The UK's highest court has ruled that Morrisons should not be held liable for the criminal act of an employee with a "grudge" who leaked payroll data of around 100,000 members of staff.
The supermarket giant brought a Supreme Court challenge in a bid to overturn previous judgments which gave the go-ahead for compensation claims by thousands of employees whose personal details were posted on the internet.
A panel of five justices unanimously ruled on Wednesday that Morrisons was not "vicariously liable" for the actions of Andrew Skelton, who disclosed staff information on the internet and also sent it to newspapers.
Announcing the decision via livestream, the court's president Lord Reed said Skelton leaked the data because of a "grudge" after he was given a verbal warning following disciplinary proceedings.

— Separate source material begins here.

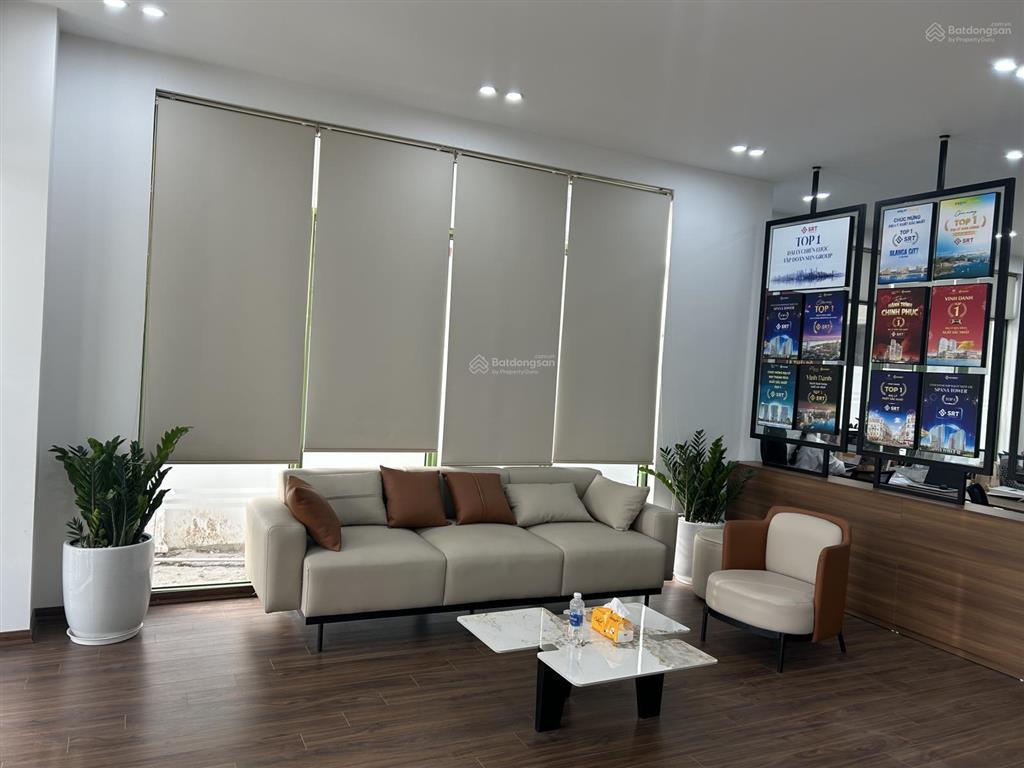 Căn biệt thự siêu hiếm còn sót lại giá 14 tỷ chỉ 50m ra công viên 6000m², 8 toà cc.  0765 828 ***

The judge said employers could only be held liable for the actions of employees if they were "closely connected" with their duties at work.

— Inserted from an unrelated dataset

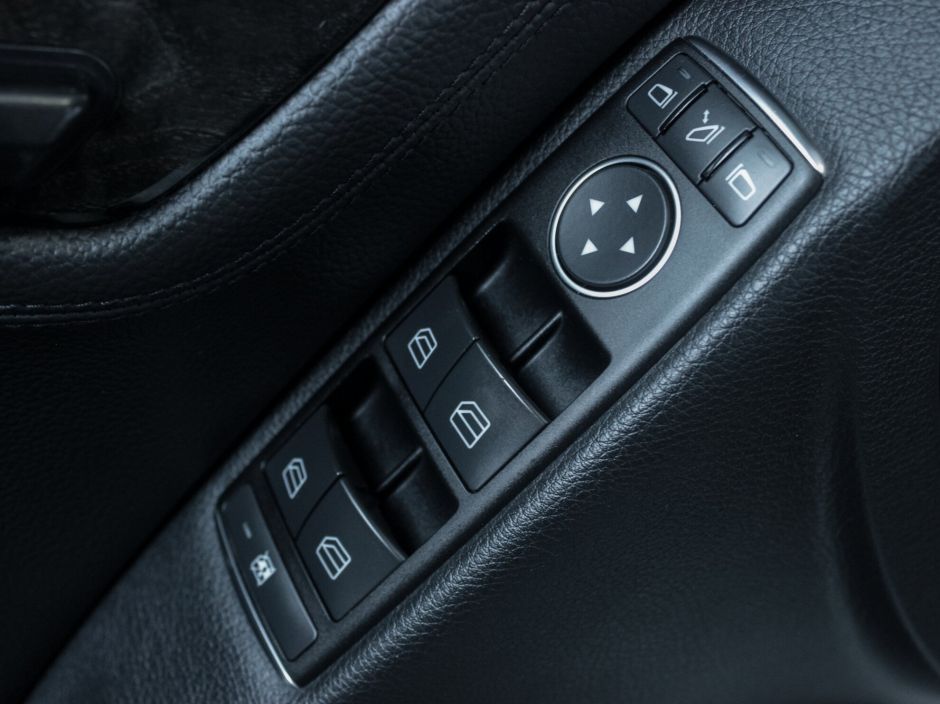 Mercedes-Benz C-Класс 3.5 АКПП, 2011, 151 927 км фото 15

He said: "In the present case, Skelton was not engaged in furthering Morissons' business when he committed the wrongdoing in question.
"On the contrary, he was pursuing a personal vendetta, seeking revenge for the disciplinary proceedings a month earlier.
"In these circumstances, applying the established approach to cases of this kind, his employer is not vicariously liable."
The decision overturns previous rulings in the High Court and Court of Appeal, which held that Morrisons was vicariously liable for Skelton's actions.